The Women’s Giving Circle funds programs and initiatives with a focus on women and girls*, justice, and Jewish continuity.  Through these lenses, the Women’s Giving Circle is committed to improving the overall status of Jewish women and girls, and funding projects that promote social change by addressing at least one of the indicators described below: 

1. Women and Girls: Emphasizing programs and services that enrich, enhance, and inspire Jewish women and girls. Programs could be in any number of realms, including but not limited to Jewish continuity/identity, health, social justice, or basic needs. 

2. Jewish Continuity: Emphasizing programs and initiatives that seek to help strengthen Jewish identity through engagement, education, arts, culture, and beyond. 

 3. Justice: Emphasizing educational programs and initiatives that seek to promote tolerance, inclusion, and understanding with a focus on combating anti-Semitism, prejudice, racism and all forms of social injustice and inequity. 
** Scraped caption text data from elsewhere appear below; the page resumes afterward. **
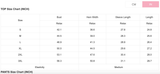 Size chart for tops in inches with measurements for bust, hem width, sleeve length, and length.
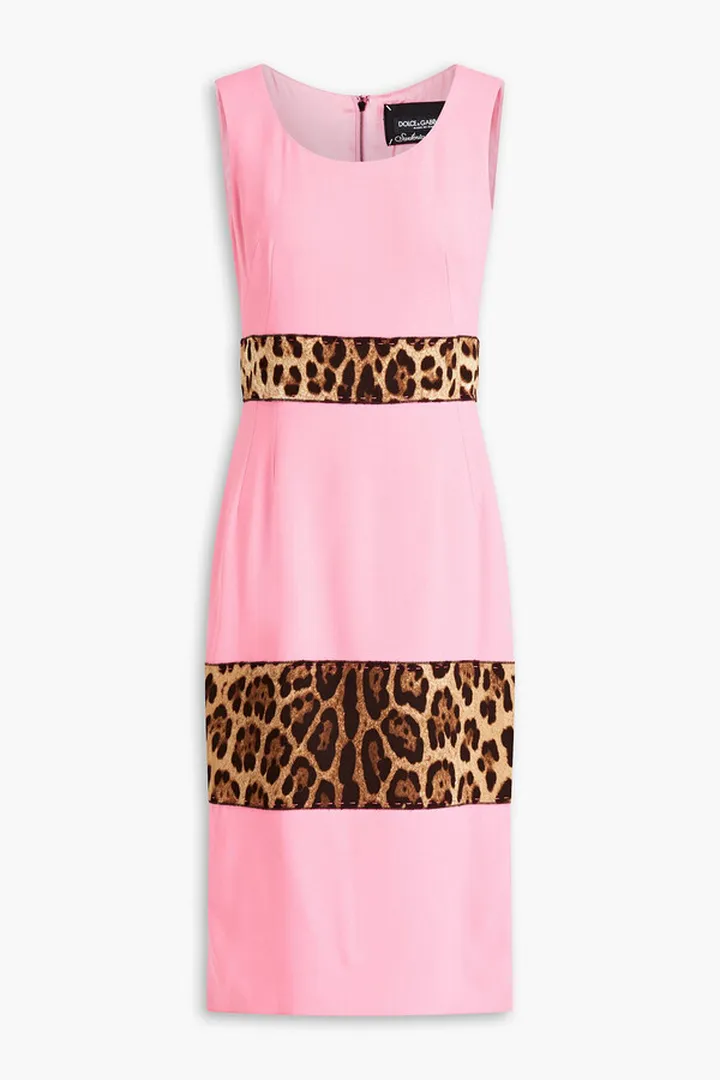 Leopard-print paneled crepe midi dress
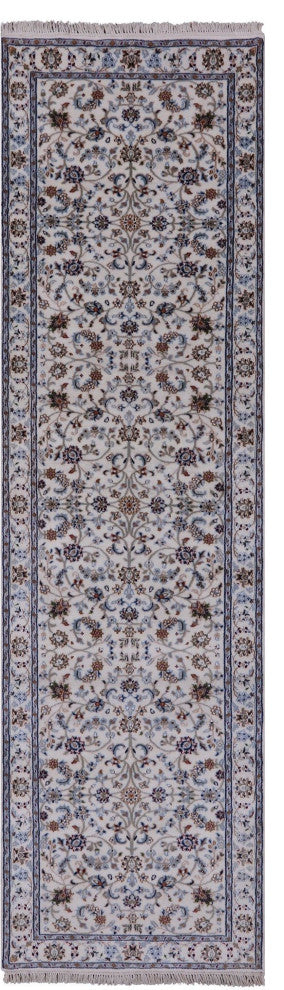 2' 11" X 10' 0" Runner Persian Nain Wool and Silk Handmade Rug Q8531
*Women and girls refer to all cisgender women and girls, transgender women and girls, and non-binary people who are comfortable in female-centered spaces. 

 

2024 Grant Allocations  

$144,765 Total Dollars Allocated Since 2017 

$32,000 Total Grant Allocations in 2024 

 

1. Chabad of Tigard

New program support. The program seeks funding for a biweekly women's book club and periodic Jewish women's circle events. We aim to bring the many retired women, new moms, and women of all stages together for engaging conversations, fostering friendships, and providing a sense of camaraderie. By addressing the need for meaningful social interaction, the program seeks to enhance their well-being and sense of belonging. $2,000. 

 

2. Dignity Grows

New program support. The mission of Dignity Grows™ is to empower our neighbors in need with the monthly menstrual and hygiene supplies that support their health and allow them to participate in everyday life with dignity. Dignity Grows is part of the movement to end period poverty – a public health crisis impacting over one-third of American women and girls. Volunteers pack supplies during intergenerational, all gender packs four-times per year in discreet Dignity Totes. Totes are distributed through direct product support in partnership with partners SEI, Transitions Projects, Our Just Future, A Safe Place, Divine Threads, and Virginia Garcia Memorial Health Center. $3,630. 

 

3. Beit Am - Mid-Willamette Valley Jewish Community 

Ongoing program support. Through a monthly Rosh Chodesh program, women* from post Bat Mitzvah age through elderhood, will expand their Jewish identity, build trusting relationships and meaningful community. Through art, movement, meditation, and the opportunity to share deeply with each other about what is going on in their lives, Jewish women will have an opportunity to access a monthly feeling of retreat-like peace and fulfillment that feeds their vitality. For working women, mothers, retired women, young adults no longer in college/grad school, and elders, it can be hard to find close friends and build trusting community where one can have meaningful, authentic, vulnerable, supportive conversations. It can be hard to make time for art and creativity, mindfulness, and soulful Jewish practice. There are very few options for Jewish life within an hour of the mid-Willamette Valley. $3,600. 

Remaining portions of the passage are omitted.